The synchronizer may specifically be arranged to time align the first and second audio component with a time alignment offset being determined from the synchronization indication.

The synchronizer may synchronize the first audio component and the second audio component in any suitable way. Thus, any approach may be used to adjust the timing of the first audio component relative to the second audio component prior to combining, where the timing adjustment is determined in response to the synchronization indication. For example, a delay may be applied to one of the audio components and/or delays may e.g. be applied to signals from which the first and/or second audio components are generated.

The early part may correspond to a time interval of an impulse response of the head related binaural transfer function prior to a given time instant, and the reverberation part may correspond to a time interval of the impulse response of the head related binaural transfer function after a given time instant (where the two time instants may be, but do not have to be, the same time instant). At least some of the impulse response time interval for the reverberation part is later than the impulse response time interval for the early part. In most embodiments and scenarios, the start of the reverberation part is later than the start of the early part. In some embodiments, the impulse response time interval for the reverberation part is the time interval after a given time (of the impulse response) and the impulse response time interval for the early part is the time interval prior to the given time.
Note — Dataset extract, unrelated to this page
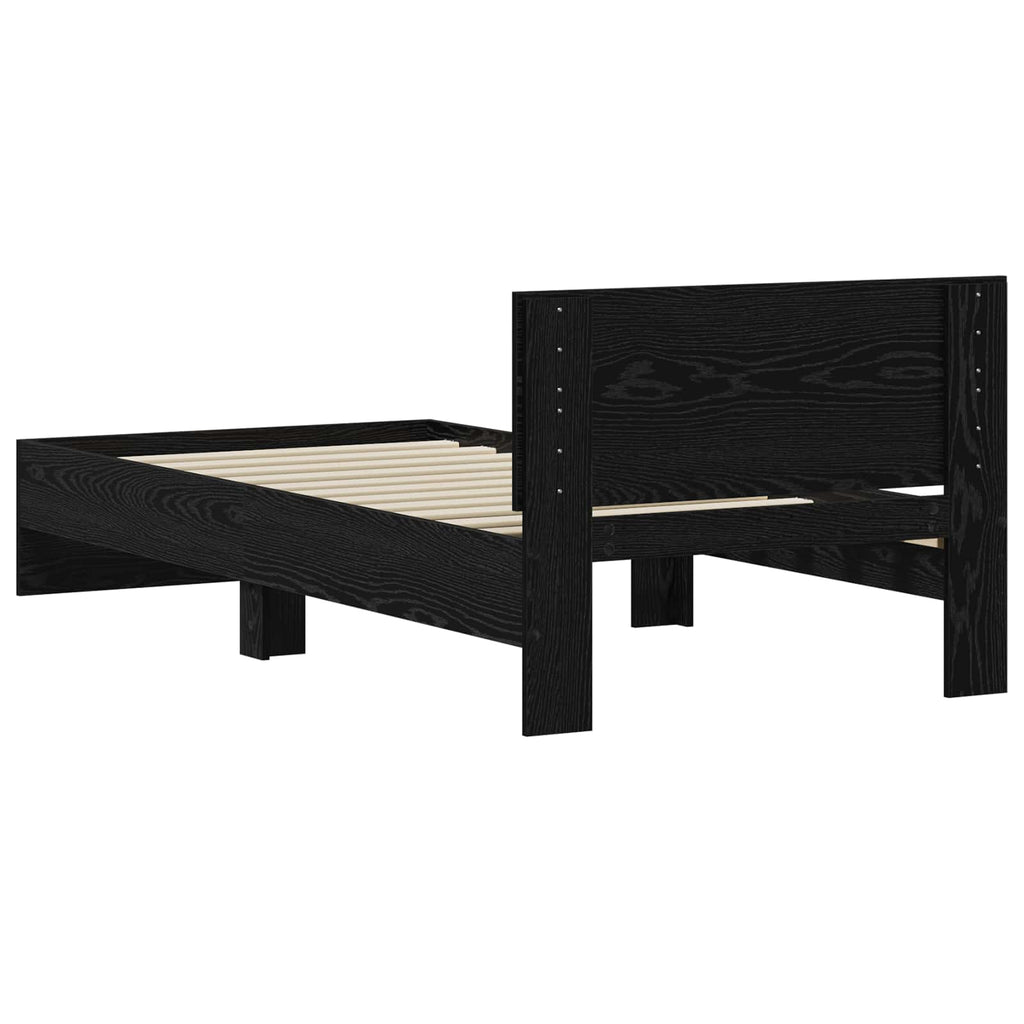 Estructura de cama con cabecero Roble Negro 80 x 200 cm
The early part may in some scenarios correspond to, or include, the part of the head related binaural transfer function that corresponds to the direct path from the (virtual) sound source position of the head related binaural transfer function to the (nominal) listening position. In some embodiments or scenarios, the early part may include the part of the head related binaural transfer function that corresponds to one or more early reflections from the (virtual) sound source position of the head related binaural transfer function to the (nominal) listening position.

The reverberation part may in some scenarios correspond to, or include, the part of the head related binaural transfer function that corresponds to the diffuse reverberation in the audio environment represented by the head related binaural transfer function. In some embodiments or scenarios, the reverberation part may include the part of the head related binaural transfer function that corresponds to one or more early reflections from the (virtual) sound source position of the head related binaural transfer function to the (nominal) listening position. Thus, the early reflections may be distributed over the early part and reverberation part.
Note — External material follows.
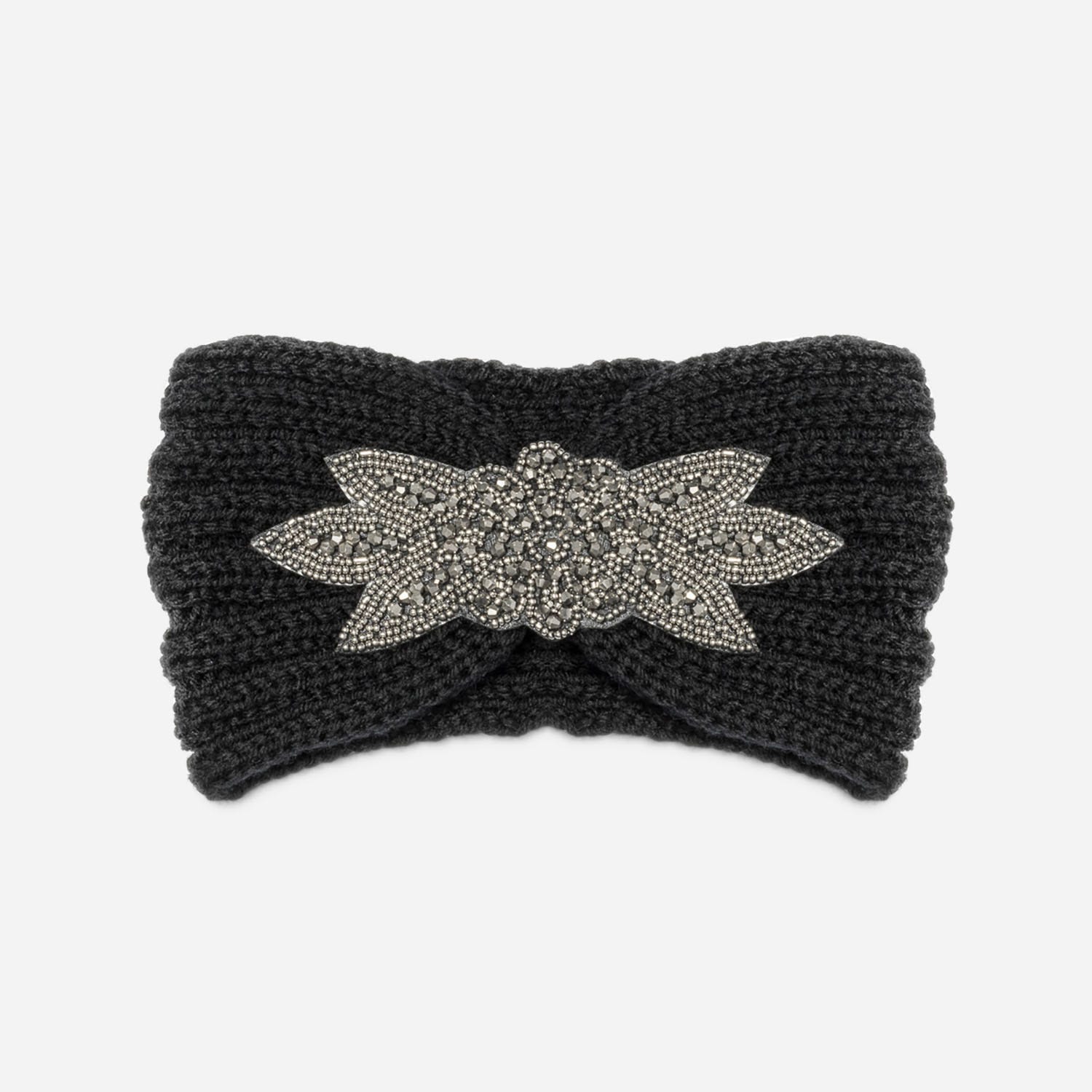 Headband-bijou TEXTO noir en maille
In many embodiments and scenarios, the early part may correspond to the part of the head related binaural transfer function that corresponds to the direct path from the (virtual) sound source position of the head related binaural transfer function to the (nominal) listening position, and the reverberation part may correspond to the part of the head related binaural transfer function that corresponds to early reflections and diffuse reverberation.

The early part data may be indicative of the early part of the head related binaural transfer function by comprising data which at least partly describes the early part of the head related binaural transfer function. Specifically, it may comprise data which (directly or indirectly) at least describes the head related binaural transfer function in an early time interval. E.g. the impulse response of the head related binaural transfer function in the early time interval may be at least partly described by the data of the early part data.
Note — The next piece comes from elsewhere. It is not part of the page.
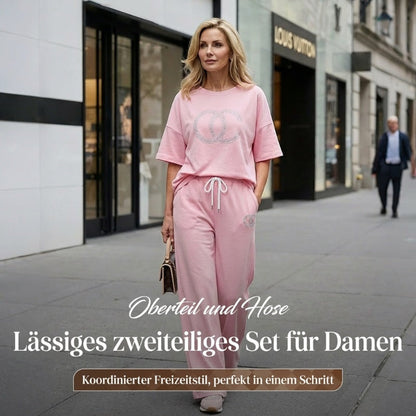Damen-Freizeitset mit Strassdetails – Shirt & Hose, 2-teilig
The reverberation part data may be indicative of the reverberation part of the head related binaural transfer function by comprising data which at least partly describes the reverberation part of the head related binaural transfer function. Specifically, it may comprise data which (directly or indirectly) at least describes the head related binaural transfer function in a reverberation time interval. E.g. the impulse response of the head related binaural transfer function in the reverberation time interval may be at least partly described by the data of the early part data. The reverberation time interval ends after the early time interval, and in many embodiments also begins after the end of the early time interval.

The first audio component may be generated to correspond to the audio signal filtered by the early part of the head related binaural transfer function as this function is described by the early part data.

The second audio component may correspond to a reverberation signal component in the time interval corresponding to the reverberation part, the reverberation signal component being generated from the audio signal in accordance with a process described (at least partly) by the reverberation data.

The binaural processing may correspond to a filtering of the audio signal by a filter corresponding to the head related binaural transfer function in the early part as the function is determined by the early part data.

The binaural processing may generate the first audio component for one signal out of a binaural stereo signal (i.e. it may generate an audio component for the signal of one of the ears).

The reverberation process may be a synthetic reverberator process generating a reverberation signal in the reverberation part from the audio signal in accordance with a process determined from the reverberation data.

The reverberation process may correspond to the audio signal filtered by a reverberation part of the head related binaural transfer function as the function is described by the reverberation part data.

In accordance with an optional feature of the invention, the synchronizer is arranged to introduce a delay for the second audio component relative to the first audio component, the delay being dependent on the synchronization indication.

This may allow low complexity and efficient operation.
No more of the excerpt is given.